Author: Petr Bruza, Jeremy Eric Hallett, Brian W Pogue, Yucheng Tang, Shiru Wang 👨🔬
Affiliation: NVIDIA Corp, Dartmouth College, Thayer School of Engineering, Dartmouth College, University of Wisconsin-Madison, University of Wisconsin - Madison 🌍
Purpose: Cherenkov imaging allows for real-time visualization of megavoltage X-ray or electron beam delivery during radiation therapy. By using a time-gated intensified CMOS camera synchronized with a linear accelerator, Cherenkov light emitted from a patient's surface can be captured. This provides real-time display of exit and entrance dose beam maps. However, these images often suffer from high noise levels, complicating interpretation. This study focused on enhanced real-time noise suppression using a diffusion-based deep learning model. The proposed model is designed to robustly denoise both cumulative and single-frame images, producing high-quality outputs that improve the interpretability of Cherenkov imaging.

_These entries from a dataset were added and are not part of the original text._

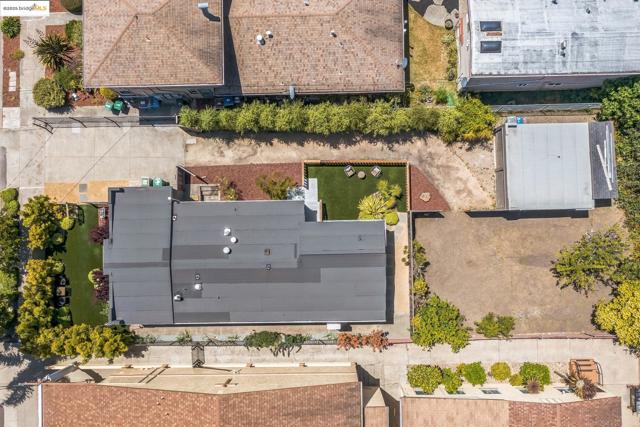 1515 Derby St, Berkeley CA: https://media.crmls.org/mediaz/ab9a7b03-364d-4f15-8a61-9e3da1771e30.jpg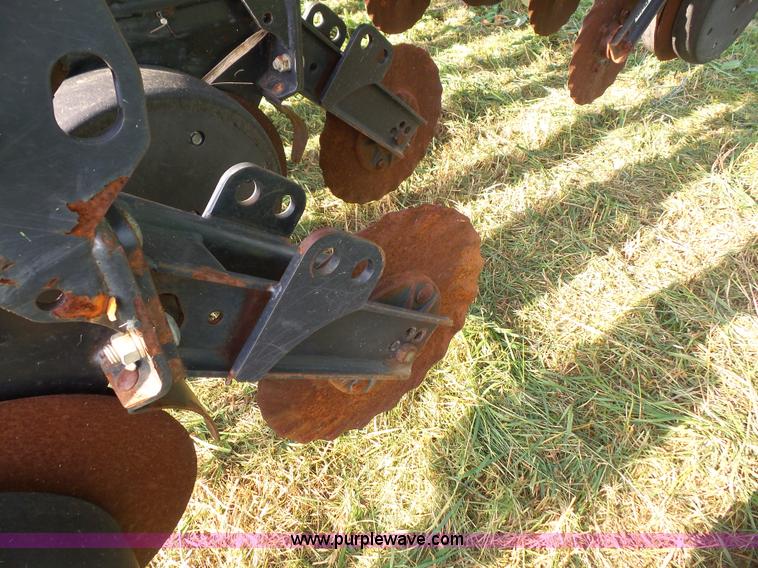image for item K4646 2005 Great Plains YP1225 no-till planter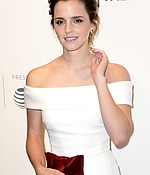 emma_watson_2017_april_26th_the_circle_premiere_tribeca_film_festival_206.jpg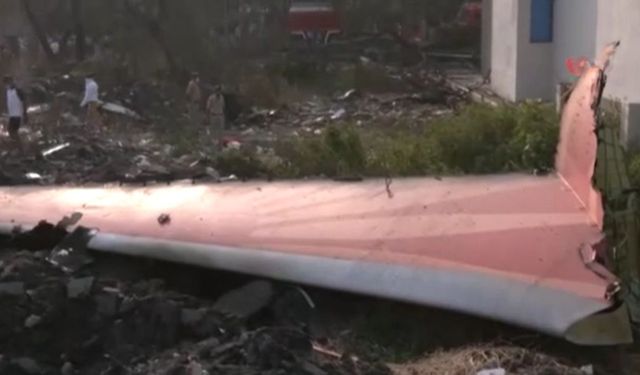 Uçak kazasında acı bilanço: Ölü sayısı 294'e ulaştı!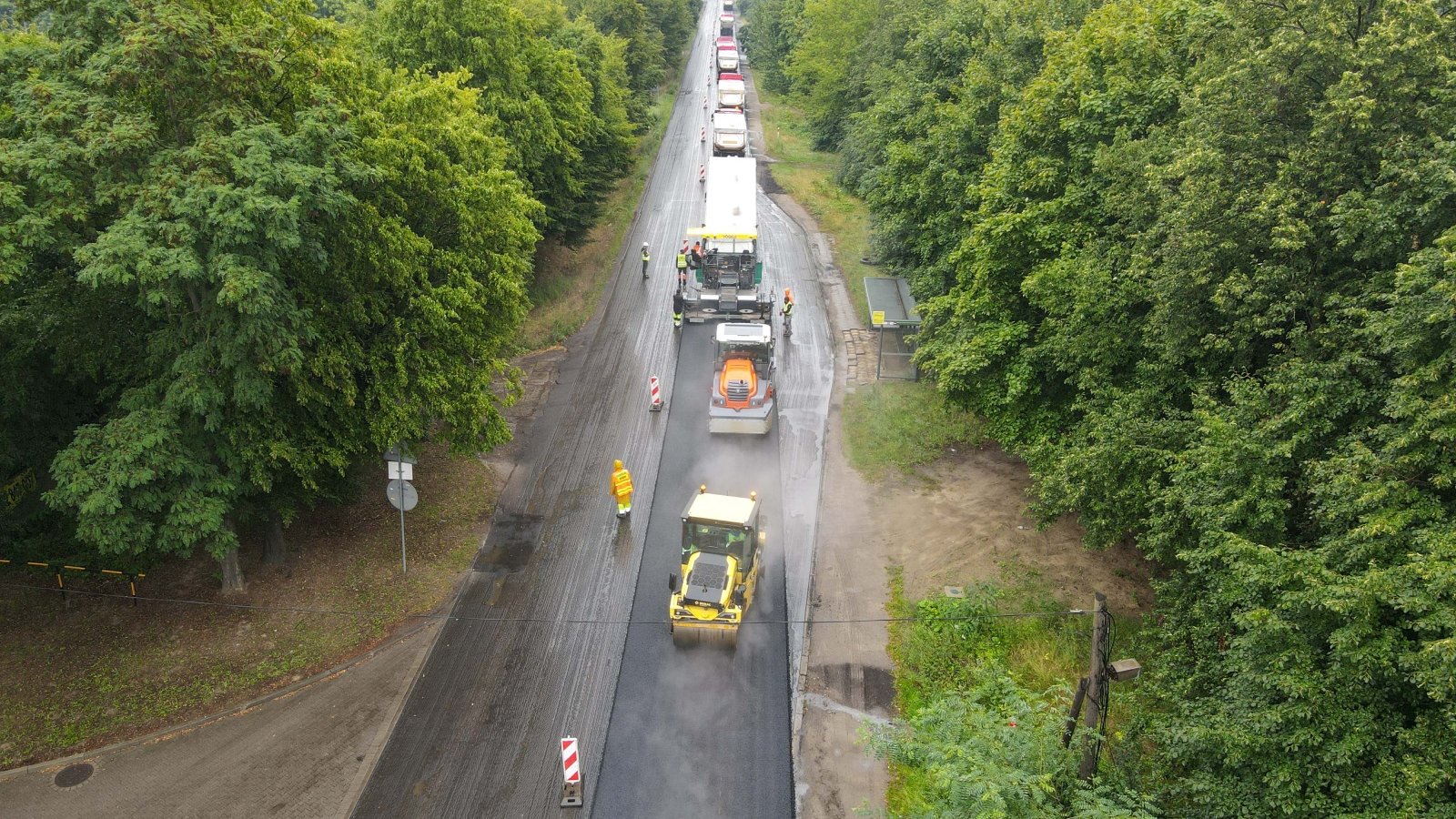 Galeria zdjęć z prób obciążeniowych na wiadukcie w ciągu ul. Lutyckiej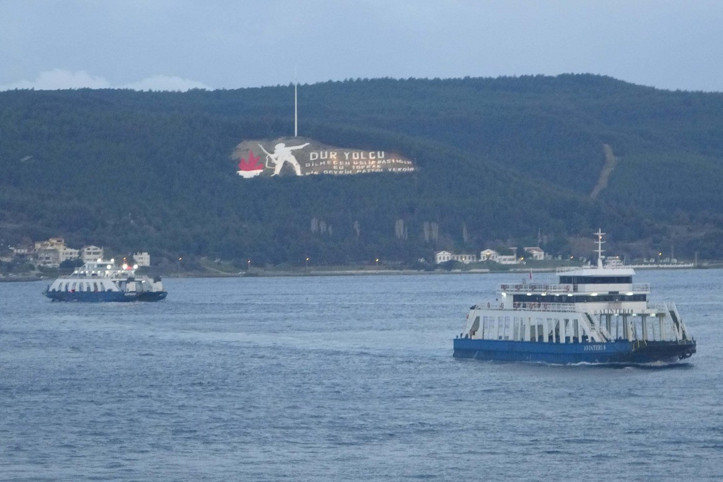 Bozcaada ve Gökçeada’ya feribot seferlerine fırtına engeli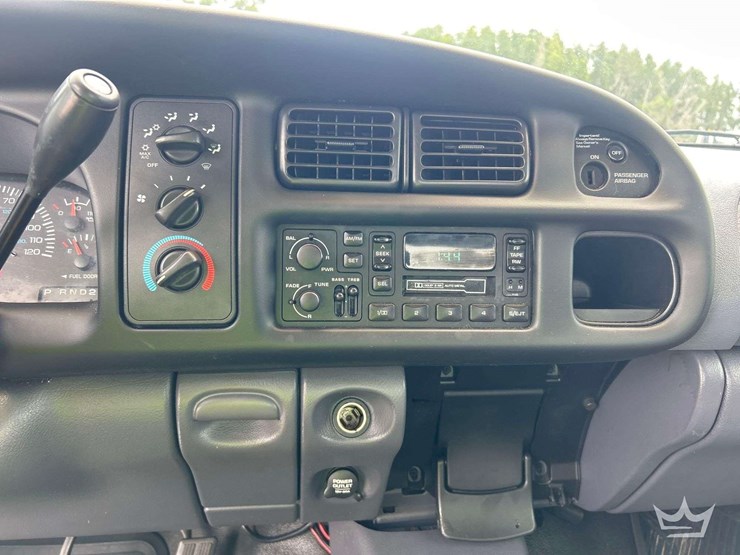 2001-dodge-ram-1500-image-19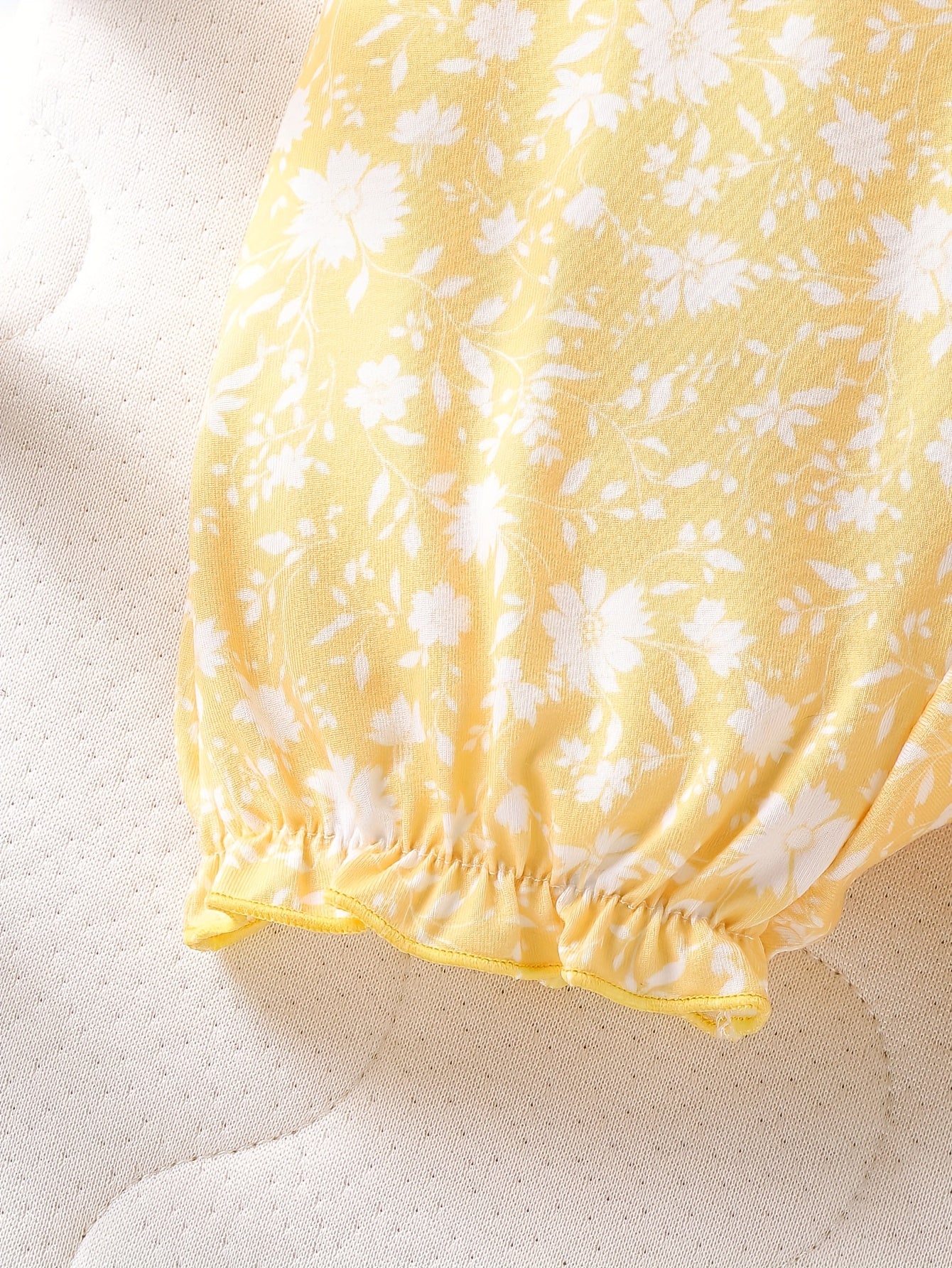 Conjunto Cami Floral – Blusa Regata com Laço de Cabelo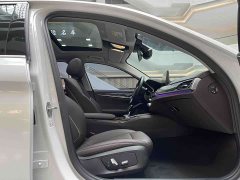 BMW 5 Series 525Li Luxury Package - ფოტო 9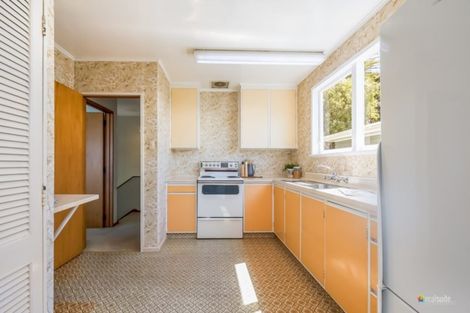 Photo of property in 225 Dowse Drive, Maungaraki, Lower Hutt, 5010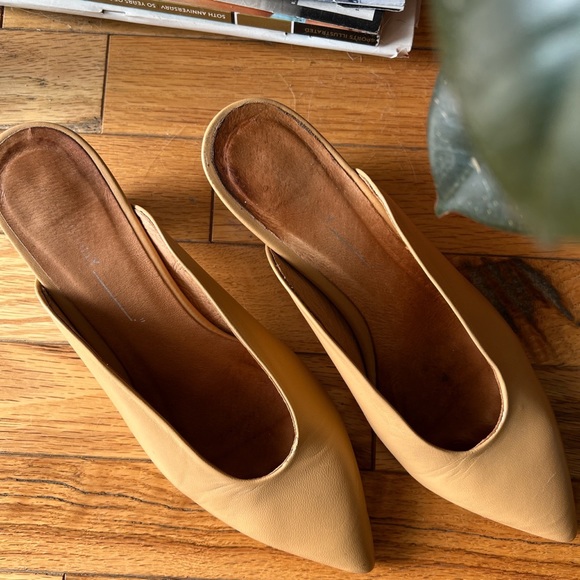 Intentionally Blank Heeled Slides - Picture 1 of 4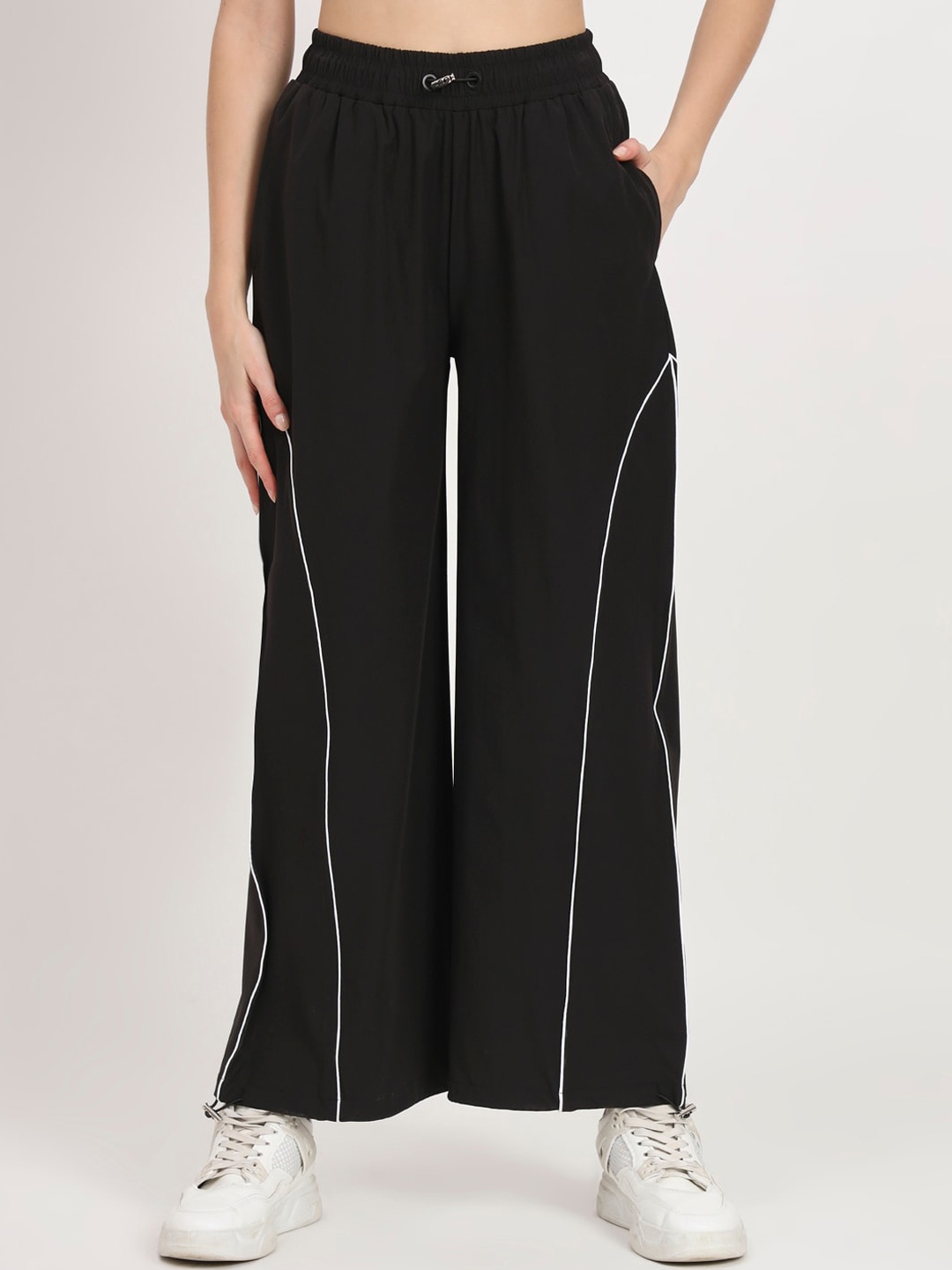 

VividArtsy Parachute Joggers, Black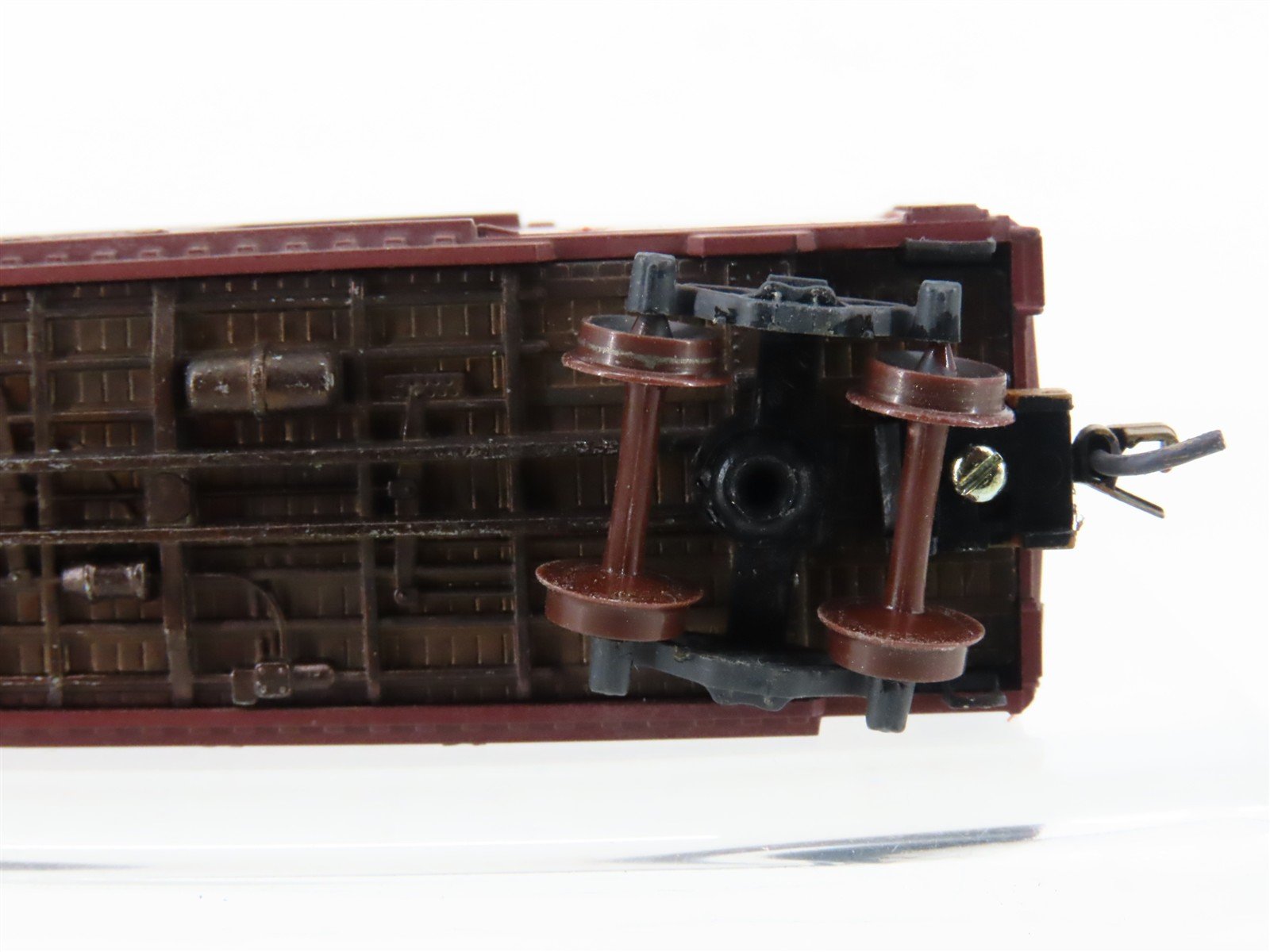 N Scale Micro-Trains MTL RI Rock Island 40' Boxcar #161462 Weathered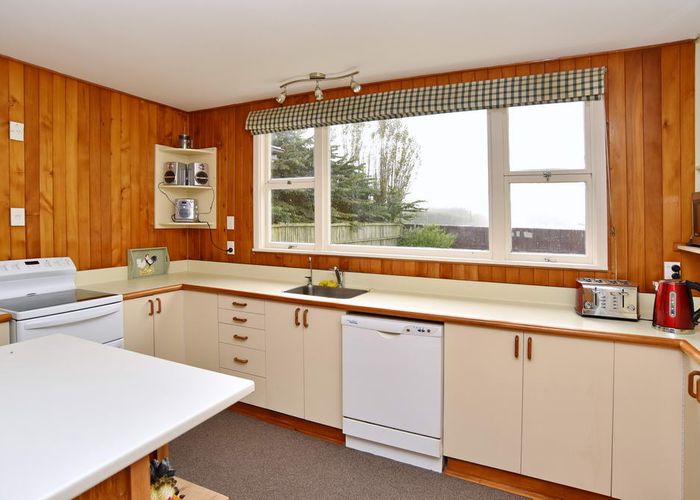  at 109 Gressons Road, Waikuku, Rangiora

Methods: Departing from conventional diffusion models that add synthetic noise, a denoising diffusion model was developed with an innovative approach to noise management by using linear interpolation, thus naturally decreasing the signal-to-noise ratio (SNR). This method begins with the complete stack of images and gradually interpolates to a single frame, allowing for precise control over both the maximum and minimum noise levels in the input data. To train and validate the performance of the proposed model, a mixture of clinical and phantom Cherenkov images were employed.
Results: Applying the denoising model to a cumulative phantom image acquired during a 25MU irradiation resulted in a 27.2% PSNR increase when using 700 denoising steps. This noise decrease came with a minimal decrease in resolution evidenced by the 10%-MTF crossing dropping by only 5.3%. When applied to a single-frame phantom image, the PSNR increased by 5.4%, a great result for these low-signal images.
Conclusion: The proposed diffusion model exhibits superior performance when compared to traditional denoising algorithms. Furthermore, it maintains consistent efficacy across both single-frame and accumulative Cherenkov images, establishing a strong foundation for online denoising in real-time monitoring during prospective settings.